Welcome to Zach’s Draft Corner, where it’s always amateur hour.
It might seem like the 2018 NFL Draft was just yesterday, but in just two short months, college football will once again be underway and fans will be clamoring to find their studs and sleepers of the 2019 draft class. For the next few months, I’m going to give you my names to note for the upcoming season at every position, along with a mini scouting report and where I’d like to see the prospects improve this season if they want to hear their name called early come April. Given in no particular order, these will be the prospects that, at least at the beginning of the season, will be generating the most buzz. Consider this a primer for the upcoming season of Saturdays, and a potential guide for your television if you aren’t sure which game to watch. Previously, I discussed the offensive line. This week, I finish my draft preview with the tight ends, and a preview of actual college football games! Seriously, there will not be a Saturday without college football until January. I am here for this.

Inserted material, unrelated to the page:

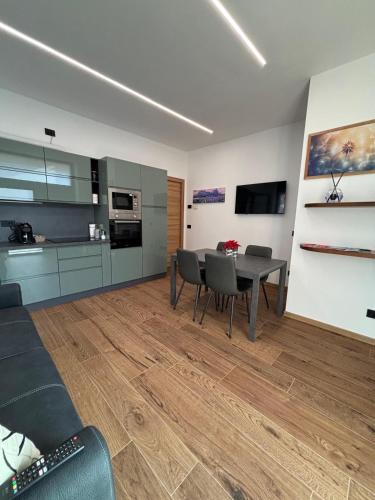Tirano Apartment | Civico 10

Noah Fant - University of Iowa, Junior
Noah Fant is one of my absolute favorite players, at any position, in the upcoming draft class (assuming he declares). Measuring in at 6'4" and 232 pounds, Fant plays in a run-heavy offense at Iowa but still was able to haul in 30 catches for 494 yards and 11 touchdowns in 2017. Without a doubt, Fant is the best tight end in this draft class. The first thing to mention is his absolute elite athleticism. At the 2018 NFL Combine, Mike Gesicki of Penn State turned heads with a SPARQ score in the 99.3 percentile of all tight ends when he ran a 4.54-second 40-yard dash, a 4.10-second shuttle, and had a 41.5-inch vertical jump. During a spring workout at Iowa, Fant crushed school records with a 3.95-second shuttle and a 42.1-inch vertical jump. On top of that, in one play against Nebraska in 2017, Fant caught the ball, ran 64 yards with pads on, and leapt into the endzone, all in a matter of about 7.5 seconds. On a per-yard basis, Fant ran almost as fast after catching the ball and with pads on than Gesicki did in gym shorts and coming out of a track stance. Fant’s numbers from a spring workout after his true sophomore season all eclipse tight ends that were known as athletic freaks in past drafts, including Gesicki and David Njoku. Even Vernon Davis, back in 2006 when he was mainly known as being the most freakishly athletic tight end we have ever seen, recorded a 4.17-second shuttle and a 42.0-inch vertical jump. Fant isn’t just elite athletically. He’s special.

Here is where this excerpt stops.